(Excerpts from a dataset)
******

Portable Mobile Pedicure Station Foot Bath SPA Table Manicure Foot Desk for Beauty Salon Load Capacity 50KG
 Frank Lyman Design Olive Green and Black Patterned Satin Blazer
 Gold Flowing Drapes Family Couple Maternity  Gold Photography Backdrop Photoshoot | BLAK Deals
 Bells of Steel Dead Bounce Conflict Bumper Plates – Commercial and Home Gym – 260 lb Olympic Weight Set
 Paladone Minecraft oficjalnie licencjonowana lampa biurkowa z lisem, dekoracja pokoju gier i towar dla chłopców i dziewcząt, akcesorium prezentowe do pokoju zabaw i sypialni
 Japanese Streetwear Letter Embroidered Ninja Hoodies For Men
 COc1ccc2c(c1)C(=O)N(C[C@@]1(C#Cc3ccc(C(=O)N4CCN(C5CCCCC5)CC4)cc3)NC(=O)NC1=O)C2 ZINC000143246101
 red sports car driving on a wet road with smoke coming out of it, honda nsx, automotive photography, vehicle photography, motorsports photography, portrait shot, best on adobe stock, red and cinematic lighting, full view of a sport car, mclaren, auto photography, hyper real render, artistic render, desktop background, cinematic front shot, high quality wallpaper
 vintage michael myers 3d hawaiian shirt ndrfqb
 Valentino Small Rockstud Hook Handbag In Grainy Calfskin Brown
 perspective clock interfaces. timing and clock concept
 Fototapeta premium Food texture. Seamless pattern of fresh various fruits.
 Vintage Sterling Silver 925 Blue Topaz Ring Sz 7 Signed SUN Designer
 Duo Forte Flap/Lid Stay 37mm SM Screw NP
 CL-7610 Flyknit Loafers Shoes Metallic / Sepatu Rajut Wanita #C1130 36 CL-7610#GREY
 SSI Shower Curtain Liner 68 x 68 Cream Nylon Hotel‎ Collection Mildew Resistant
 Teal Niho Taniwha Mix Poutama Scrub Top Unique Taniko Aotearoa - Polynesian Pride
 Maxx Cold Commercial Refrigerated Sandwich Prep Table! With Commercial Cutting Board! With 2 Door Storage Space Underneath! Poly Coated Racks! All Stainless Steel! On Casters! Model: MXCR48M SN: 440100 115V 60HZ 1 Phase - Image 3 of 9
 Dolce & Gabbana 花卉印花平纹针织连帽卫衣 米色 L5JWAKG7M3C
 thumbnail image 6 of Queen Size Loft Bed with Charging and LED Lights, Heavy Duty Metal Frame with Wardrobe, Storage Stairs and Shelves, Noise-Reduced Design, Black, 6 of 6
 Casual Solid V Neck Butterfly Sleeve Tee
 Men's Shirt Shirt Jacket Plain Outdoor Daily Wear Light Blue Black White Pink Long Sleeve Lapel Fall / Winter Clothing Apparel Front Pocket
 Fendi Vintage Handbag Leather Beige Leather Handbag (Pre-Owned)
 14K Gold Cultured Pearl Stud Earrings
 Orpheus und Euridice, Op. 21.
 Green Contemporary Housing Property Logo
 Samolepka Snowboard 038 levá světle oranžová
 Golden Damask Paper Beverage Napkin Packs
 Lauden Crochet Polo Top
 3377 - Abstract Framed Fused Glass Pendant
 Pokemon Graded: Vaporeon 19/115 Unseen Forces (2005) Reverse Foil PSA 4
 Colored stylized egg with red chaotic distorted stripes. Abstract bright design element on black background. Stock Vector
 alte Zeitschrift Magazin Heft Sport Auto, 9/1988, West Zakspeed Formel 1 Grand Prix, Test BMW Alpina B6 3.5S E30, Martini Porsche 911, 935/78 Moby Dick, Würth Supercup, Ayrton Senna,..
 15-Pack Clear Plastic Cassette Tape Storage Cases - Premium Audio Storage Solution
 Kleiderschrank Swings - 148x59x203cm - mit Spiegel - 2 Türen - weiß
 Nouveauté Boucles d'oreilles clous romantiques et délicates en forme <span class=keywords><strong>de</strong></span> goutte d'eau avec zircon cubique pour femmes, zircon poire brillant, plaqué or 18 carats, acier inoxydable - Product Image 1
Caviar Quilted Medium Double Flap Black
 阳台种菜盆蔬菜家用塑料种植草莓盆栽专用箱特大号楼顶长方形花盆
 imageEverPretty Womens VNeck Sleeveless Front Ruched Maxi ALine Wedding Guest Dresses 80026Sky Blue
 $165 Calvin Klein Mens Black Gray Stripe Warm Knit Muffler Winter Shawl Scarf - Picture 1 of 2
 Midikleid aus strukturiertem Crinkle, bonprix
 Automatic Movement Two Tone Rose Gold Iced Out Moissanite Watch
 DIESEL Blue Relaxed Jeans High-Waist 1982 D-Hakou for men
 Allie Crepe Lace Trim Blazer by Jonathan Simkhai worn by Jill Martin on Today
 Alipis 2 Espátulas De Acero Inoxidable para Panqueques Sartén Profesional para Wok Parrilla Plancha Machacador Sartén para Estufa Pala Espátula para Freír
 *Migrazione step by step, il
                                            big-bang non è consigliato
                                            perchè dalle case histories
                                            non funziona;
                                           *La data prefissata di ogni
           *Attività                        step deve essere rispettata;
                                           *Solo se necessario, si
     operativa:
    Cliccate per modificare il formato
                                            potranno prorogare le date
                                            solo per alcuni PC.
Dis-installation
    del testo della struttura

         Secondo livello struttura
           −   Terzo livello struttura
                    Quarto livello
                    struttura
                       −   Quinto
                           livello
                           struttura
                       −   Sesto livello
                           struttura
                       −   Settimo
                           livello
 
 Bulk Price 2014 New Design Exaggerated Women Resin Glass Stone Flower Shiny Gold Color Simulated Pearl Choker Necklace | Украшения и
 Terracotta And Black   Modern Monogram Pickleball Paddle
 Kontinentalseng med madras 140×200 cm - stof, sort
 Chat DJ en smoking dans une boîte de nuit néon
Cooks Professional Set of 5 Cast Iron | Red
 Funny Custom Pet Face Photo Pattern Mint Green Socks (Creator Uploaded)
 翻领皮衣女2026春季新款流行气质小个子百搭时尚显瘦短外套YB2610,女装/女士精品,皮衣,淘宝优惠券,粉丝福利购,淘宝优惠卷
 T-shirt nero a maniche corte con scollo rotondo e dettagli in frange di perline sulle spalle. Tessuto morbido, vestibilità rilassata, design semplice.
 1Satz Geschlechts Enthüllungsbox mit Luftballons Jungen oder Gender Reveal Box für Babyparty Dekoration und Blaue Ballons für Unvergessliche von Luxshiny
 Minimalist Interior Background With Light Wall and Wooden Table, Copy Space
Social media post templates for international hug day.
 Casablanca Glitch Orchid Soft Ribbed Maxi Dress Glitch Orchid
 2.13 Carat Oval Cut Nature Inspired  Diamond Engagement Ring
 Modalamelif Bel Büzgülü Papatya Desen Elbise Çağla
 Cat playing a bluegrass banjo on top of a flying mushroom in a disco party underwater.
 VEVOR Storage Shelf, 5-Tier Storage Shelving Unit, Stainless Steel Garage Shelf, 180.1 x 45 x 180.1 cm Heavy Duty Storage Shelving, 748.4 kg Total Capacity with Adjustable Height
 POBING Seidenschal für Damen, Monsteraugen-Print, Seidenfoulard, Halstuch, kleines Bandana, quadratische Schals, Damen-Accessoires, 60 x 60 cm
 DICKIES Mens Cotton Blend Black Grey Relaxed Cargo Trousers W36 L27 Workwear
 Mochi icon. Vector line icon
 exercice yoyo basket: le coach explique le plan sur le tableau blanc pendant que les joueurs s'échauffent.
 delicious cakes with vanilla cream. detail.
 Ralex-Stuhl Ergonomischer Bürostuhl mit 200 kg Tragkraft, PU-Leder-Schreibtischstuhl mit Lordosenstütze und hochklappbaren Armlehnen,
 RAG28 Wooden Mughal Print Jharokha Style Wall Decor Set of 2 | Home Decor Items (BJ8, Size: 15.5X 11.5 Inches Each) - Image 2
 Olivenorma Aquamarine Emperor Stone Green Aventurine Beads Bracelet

******

*Work instruction*: Would you retype exactly the lines above, from the line with "Kleiderschrank Swings - 148x59x203cm" to the line with "阳台种菜盆蔬菜家用塑料种植草莓盆栽专用箱特大号楼顶长方形花盆", with both end lines kept and nothing more?

*Solved exercise*:
 Kleiderschrank Swings - 148x59x203cm - mit Spiegel - 2 Türen - weiß
 Nouveauté Boucles d'oreilles clous romantiques et délicates en forme <span class=keywords><strong>de</strong></span> goutte d'eau avec zircon cubique pour femmes, zircon poire brillant, plaqué or 18 carats, acier inoxydable - Product Image 1
Caviar Quilted Medium Double Flap Black
 阳台种菜盆蔬菜家用塑料种植草莓盆栽专用箱特大号楼顶长方形花盆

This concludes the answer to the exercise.